-- RECORDS TO PROCESS --
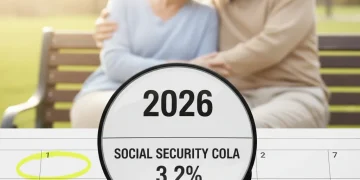 Calendar showing 2026 with Social Security COLA and 3.2% highlighted, symbolizing future financial planning.
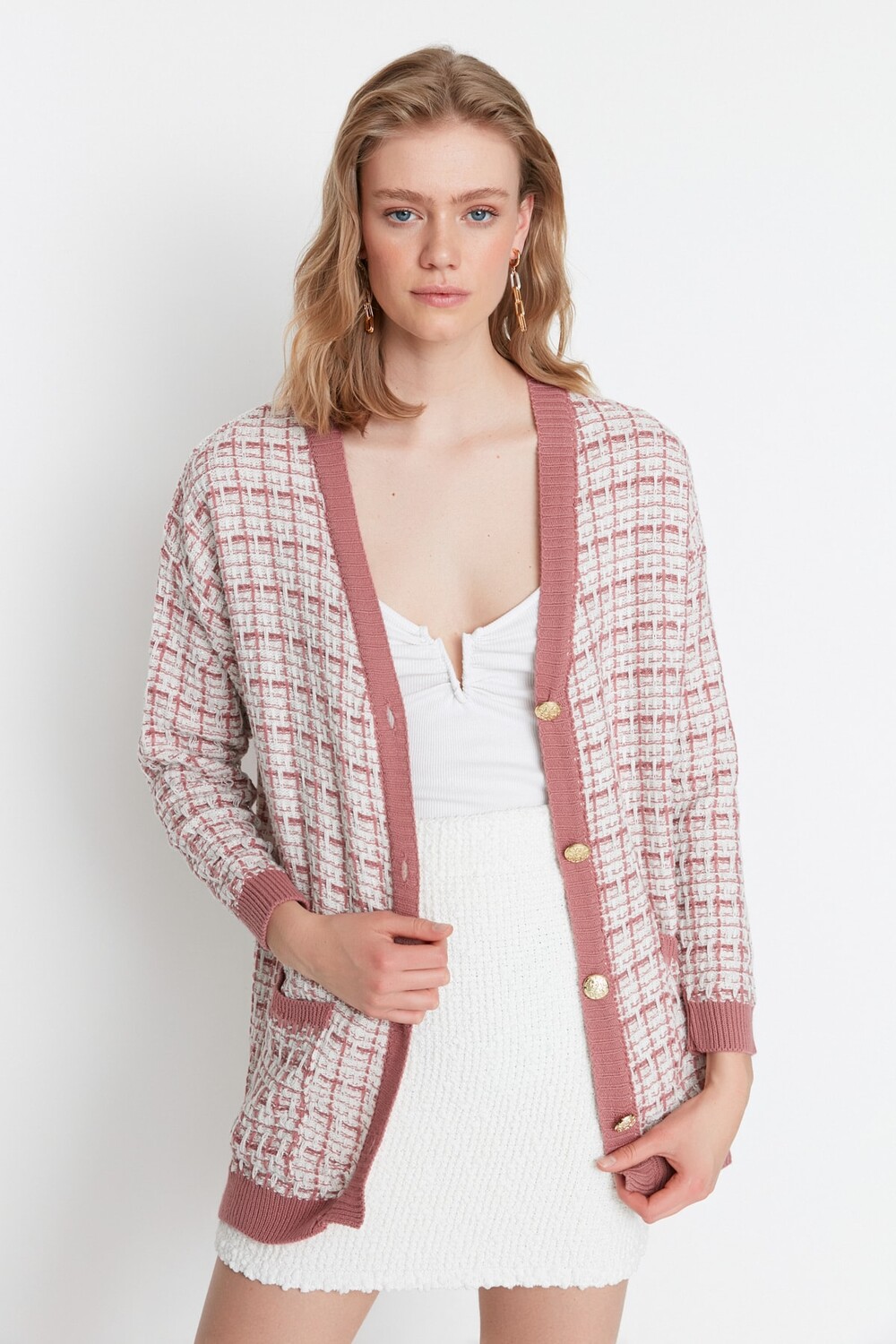 

Кардиган твидовый Trendyol Dusty Rose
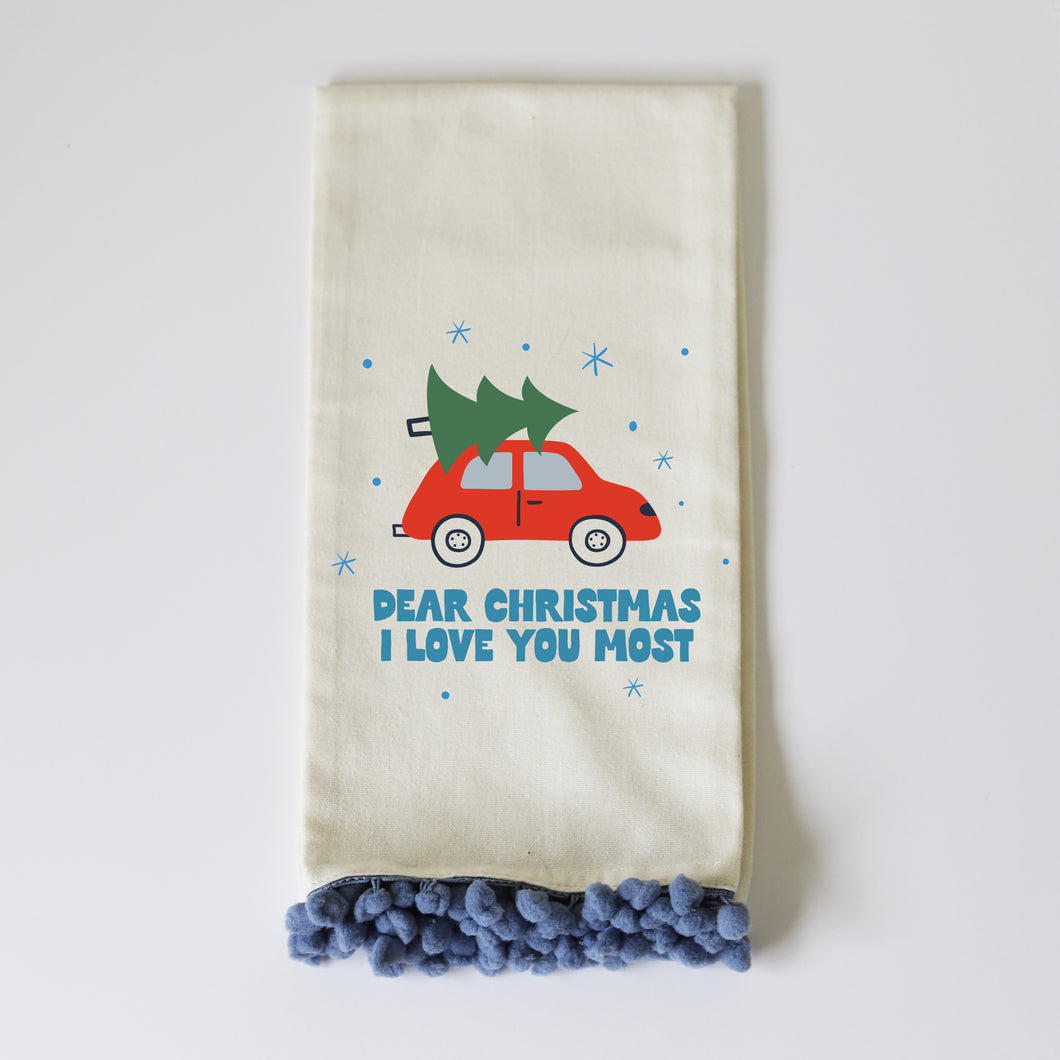 DEAR CHRISTMAS - BLUE POM TOWEL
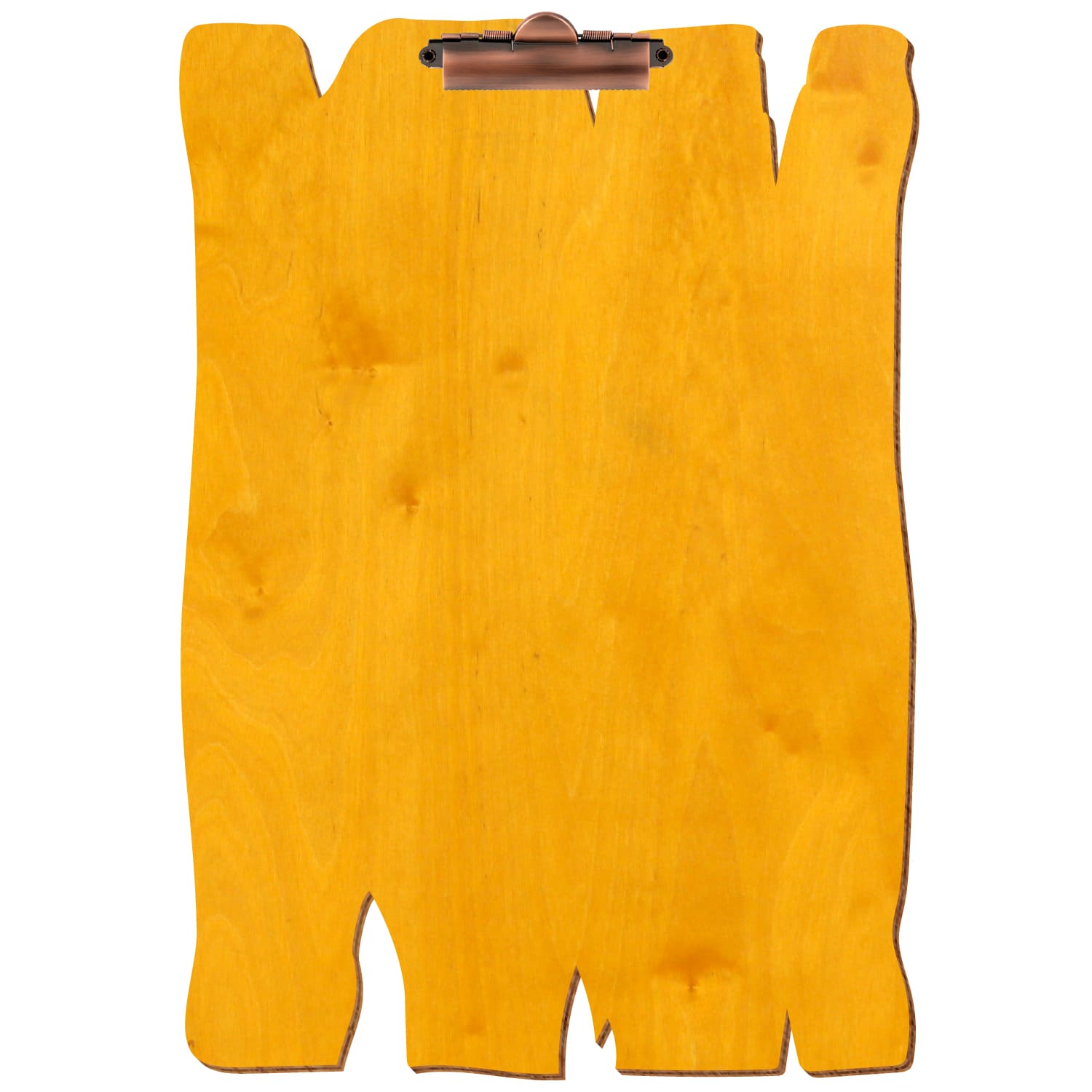 Klemmbrett Holzbrettform Zitronengelb A3 hochkant Zahnklemme Kupfer
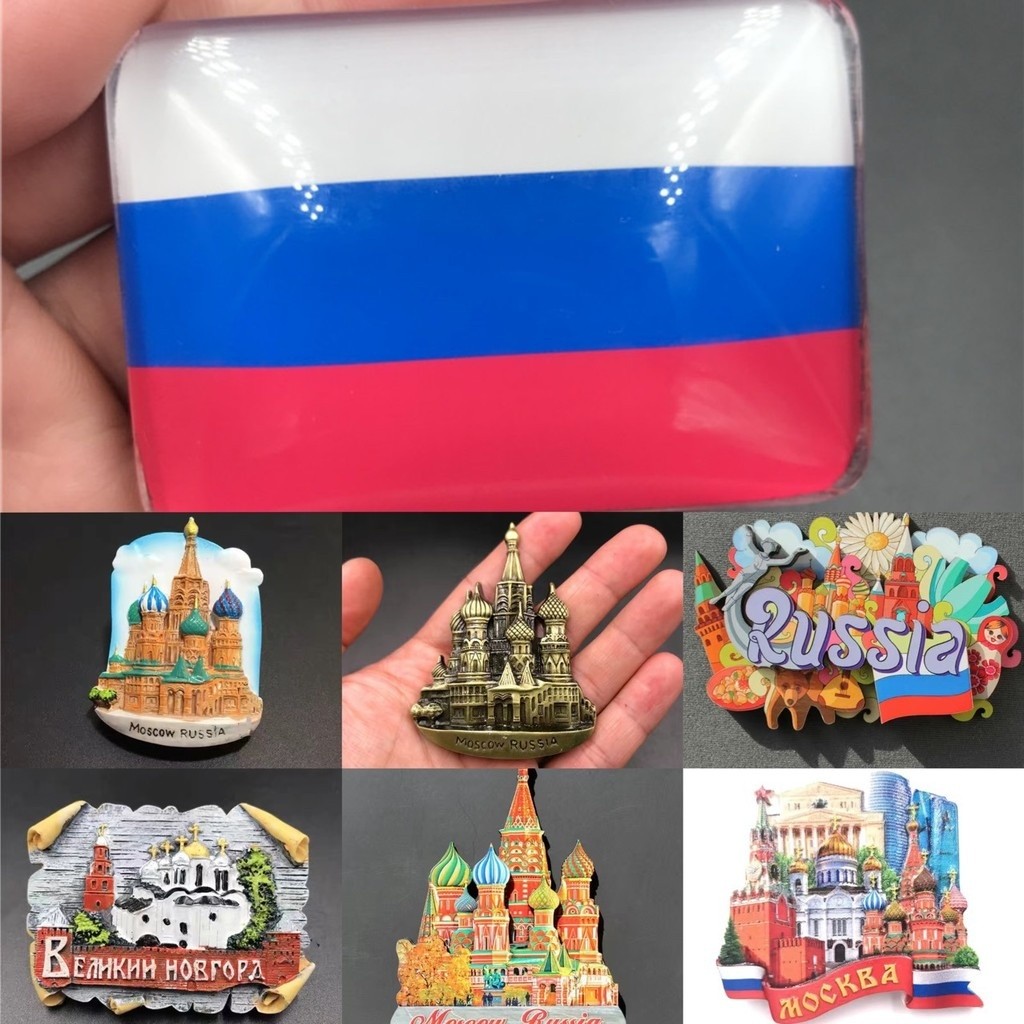 Magnetic Refrigerator Stickers Russian Nanny Baby Panoramic Tourist Souvenirs Russia Refrigerator Stickers Go Abroad Send Friends Gifts Three-Dimensional Resin Magnetic Stickers Novgo Rhodes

-- YOUR INSTRUCTIONS --
In transcribing the records, omit the pictures and keep everything else exactly as it appears.

-- YOUR SOLUTION --
 Calendar showing 2026 with Social Security COLA and 3.2% highlighted, symbolizing future financial planning.

Кардиган твидовый Trendyol Dusty Rose
 DEAR CHRISTMAS - BLUE POM TOWEL
 Klemmbrett Holzbrettform Zitronengelb A3 hochkant Zahnklemme Kupfer
 Magnetic Refrigerator Stickers Russian Nanny Baby Panoramic Tourist Souvenirs Russia Refrigerator Stickers Go Abroad Send Friends Gifts Three-Dimensional Resin Magnetic Stickers Novgo Rhodes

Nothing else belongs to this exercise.